Upgrade suspect Power Cooling Units (Sun p/n 300-1454-01) by replacing the
Power Cooling Unit battery packs (370-3956-01).  The battery packs can be
replaced by following the below instructions.

----------------------------------------------
PART 1 - StorEdge T3 PCU Replacement Procedure
----------------------------------------------

PRE-REQUISITES:

1.) First identify if the T3 contains PCUs within suspected serial number
    range.  Refer to the Part 5 below.

    If YES, then continue on.  If NO, stop. FCO implementation not required.

2.) Verify that all loop cables (for ES config) and MIAs are screwed down
    tightly by using a small flathead screwdriver and tigntening each loop
    cable. Be very careful not to disconnect any loop cable. If you notice
    a loop cable that is not screwed in at all, notify customer.

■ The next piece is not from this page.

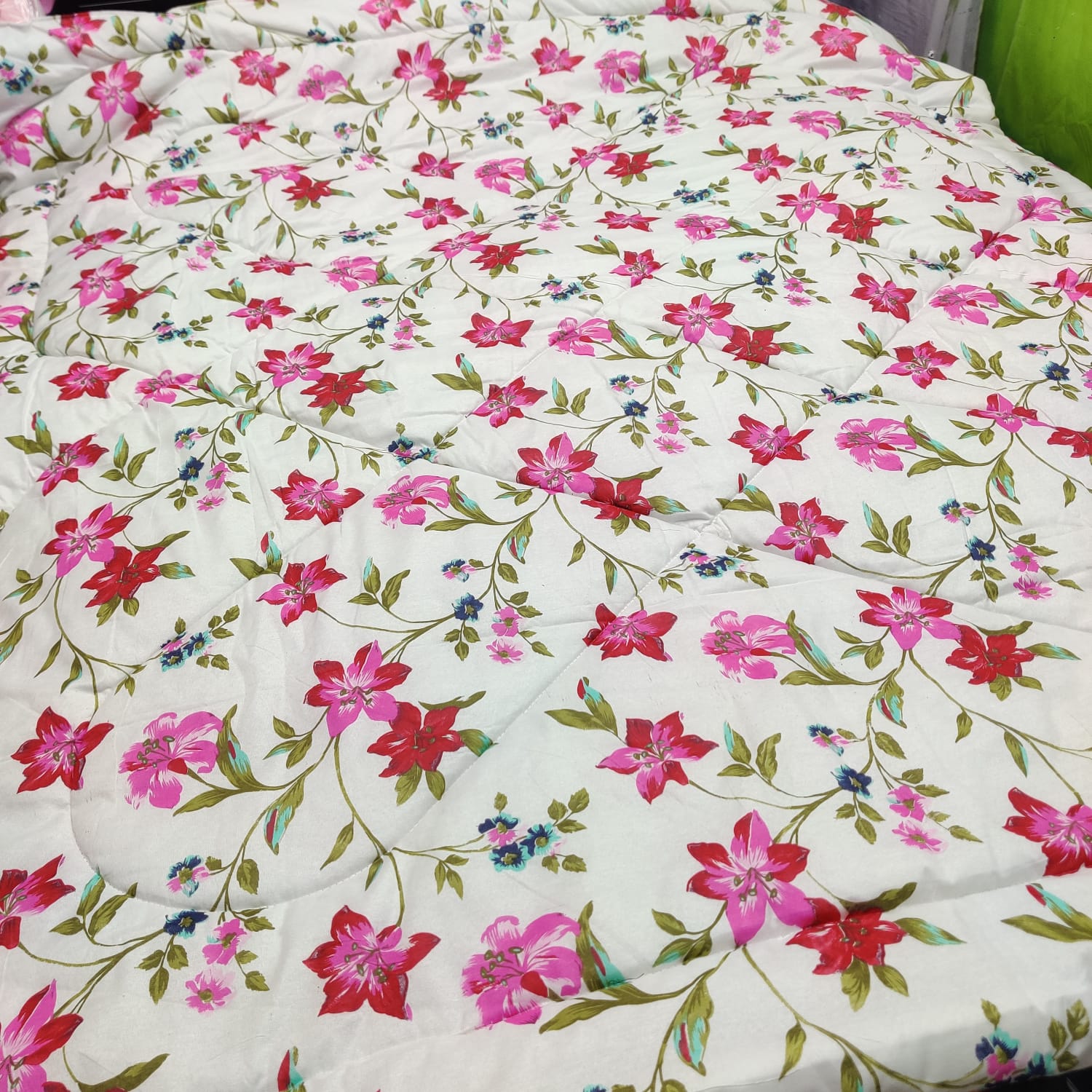 Picture of  Exclusive Pigment Cotton King Size Comforter CP-56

3.) Verify all controllers and loop cards are in their prospective slots
    securely by pushing on each card and verifying that all latches are
    in the locked position.

4.) Verify that all PCUs are in their prospective slots securely by
    pushing on each PCU and verifying that the PCU latches are in the
    locked position.

5.) Type "fru stat" to check ALL T3 FRUs are in a healthy state
    and that their LEDs are in their normal state before proceeding.

6.) Type "date" and "tzset" to check if the date and
    timezone are correct.  If not, use the "date" and "tzset"
command to
    set the date and timezone, respectively.

7.) Type "refresh -s" to check that no battery refresh is running
before
    proceeding.  Also, check if the "Next Refresh" won't begin shortly
after
    executing this FCO.  If yes, the "Next Refresh" should be
re-scheduled to a
    later time (24 hours).  Refer to the Field Service Manual or Part 3 below
    for changing the refresh time (BAT_BEG) in the file /etc/schd.conf.

    If battery status is reported as "Low", this is ok as the purpose
of this 
    FCO is to replace it.

8.) Type "proc list" to check that no drive reconstruction is running
before 
    proceeding.

9.) It is recommended that the customer be at T3 firmware 1.17b when executing
    this procedure and that this be done during a maintenance window to
minimize
    disruption to customer operation.

10.) Have 1 or 2 spare T3 controllers and PCUs, on site.

11.) Be aware of FIN I0745-1 relating to possible PCU midplane connector
     damages.  Have a spare chassis available if damages are discovered.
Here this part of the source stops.